- GIVEN INFORMATION

╔══

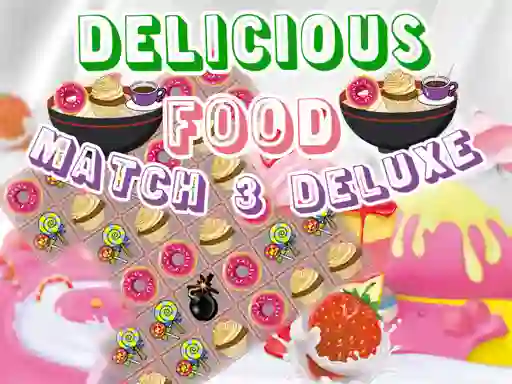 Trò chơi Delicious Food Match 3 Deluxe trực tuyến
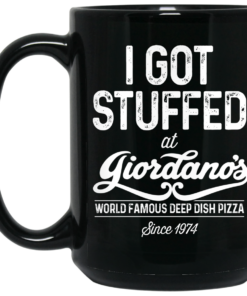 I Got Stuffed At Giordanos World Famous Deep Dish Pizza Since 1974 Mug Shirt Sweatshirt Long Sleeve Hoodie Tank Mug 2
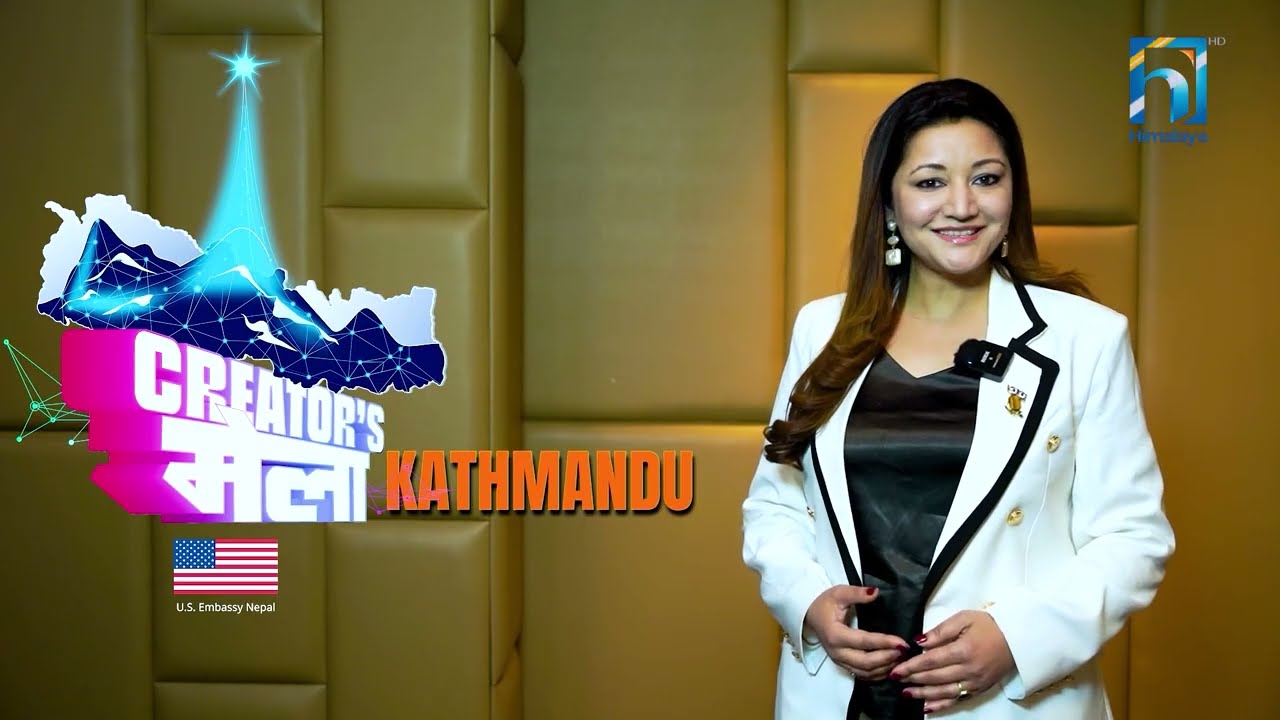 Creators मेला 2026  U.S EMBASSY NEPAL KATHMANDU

╚══
╔══

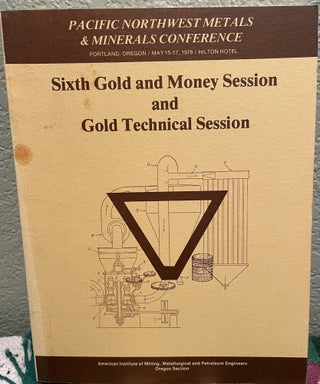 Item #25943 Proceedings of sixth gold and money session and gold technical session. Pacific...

╚══

- WORK REQUEST
From the records above, transcribe exactly the lines starting at the one containing "Trò chơi Delicious" and ending at the one containing "Creators मेला 2026". Skip the pictures.

- COMPLETED EXERCISE
 Trò chơi Delicious Food Match 3 Deluxe trực tuyến
 I Got Stuffed At Giordanos World Famous Deep Dish Pizza Since 1974 Mug Shirt Sweatshirt Long Sleeve Hoodie Tank Mug 2
 Creators मेला 2026  U.S EMBASSY NEPAL KATHMANDU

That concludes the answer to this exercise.